Le poche parole bisbigliate tra un sospiro e l’altro mi sollevarono e gettarono nell’animo un raggio di speranza, Non ero solo a soffrire in questo mondo: avevo incontrato una creatura più infelice di me.
Conoscevo bene quel prete: era stato il mio professore di lettere alle medie, era un saccente così presuntuoso che, nonostante i principi cristiani, avevo odiato profondamente. In quel triste momento mi vennero in mente tutte le bacchettate ricevute sulle mani, soprattutto quando avevo i geloni e mi facevano male. Per le sue torture passava per il professore più severo e formativo. Durante tutti gli anni delle scuole medie, nonostante sgobbassi maledettamente, per una parola mormorata e una battuta fuori posto, non mi aveva dato mai la soddisfazione d’essere promosso a giugno. Voleva che abbandonassi gli studi e che andassi via dal seminario. La sua avversione nei miei riguardi era tale che, quando giungeva
il mio turno, pur di non vedermi, si sceglieva di persona i chierichetti, che dovevano servirlo mentre celebrava la Santa Messa. Per me, allora, era un’umiliazione gravissima, anche perché in classe, davanti a tutti i compagni, faceva notare e metteva alla berlina tutti quelli che, secondo lui, erano i miei difetti. Ma avevo un carattere forte e sopportavo tutto in silenzio.

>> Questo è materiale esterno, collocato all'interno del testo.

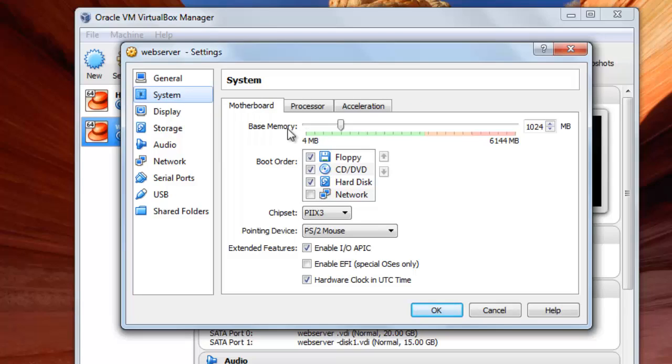And then here is the Motherboard. This is the memory, the base memory. You choose to set it from here, for example, but I will leave it at 1024.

Feci cadere in mano alla ragazza le poche monetine che avevo e soggiunsi: “Adesso non ho più un centesimo, neppure per tornare a casa”.
“Grazie”, disse, diventando rossa in viso. Mi fissò per un attimo stupita ed andò via, scendendo lentamente.
Al pensiero di preparare altri stampati per avvisare gli invitati, di comperare altri francobolli e disimpegnare quanto già impegnato, mi sentivo impazzire. “Ha ragione Dante di subissarli tutti nell’inferno! Che razza infame!”, mormorai frenando un singhiozzo. In tasca non avevo soldi e quei pochi a casa non potevano essere utilizzati: li avevamo chiesti in prestito e dovevamo restituirli. Provai non poca vergogna ed imbarazzo nel trovarmi in quell’ingresso lussuoso e tornare nella mia povera casa, dove aspettavano in ansia i miei genitori, che avevano affrontato già troppi ed enormi sacrifici. A mezzogiorno o a sera, a casa si mangiava una sola volta e, dopo il primo piatto, il pasto era finito. La carne si mangiava solo se moriva qualche gallina e tre volte all’anno: a Natale, a Pasqua e durante la festa del Protettore. I contadini allora conducevano una vita molto misera e la farne era sempre in agguato.
Con un bagliore improvviso, mi si presentò davanti agli occhi una giornata della vita che mi attendeva: sacrifici, umiliazione, farne.
La mattina, quando il sole sorgeva e il vescovo si alzava, io ero già stanco di raccogliere covoni e spighe, di caricare carri di fieno, di paglia e di letame, di zappare. A mezzogiorno, dopo una stentata colazione di pane nero indurito al sole, dovevo raccogliere lumachini per pescare le anguille. La sera, dopo cena, mentre i miei compagni di seminario ed il vescovo sazi e spensierati si intrattenevano davanti al televisore fino a tarda notte sprofondati in soffici poltrone, io studiavo fino a che cadevo addormentato sui libri.
Il vescovo, questo, non lo sapeva ed il Concilio non lo aveva suggellato.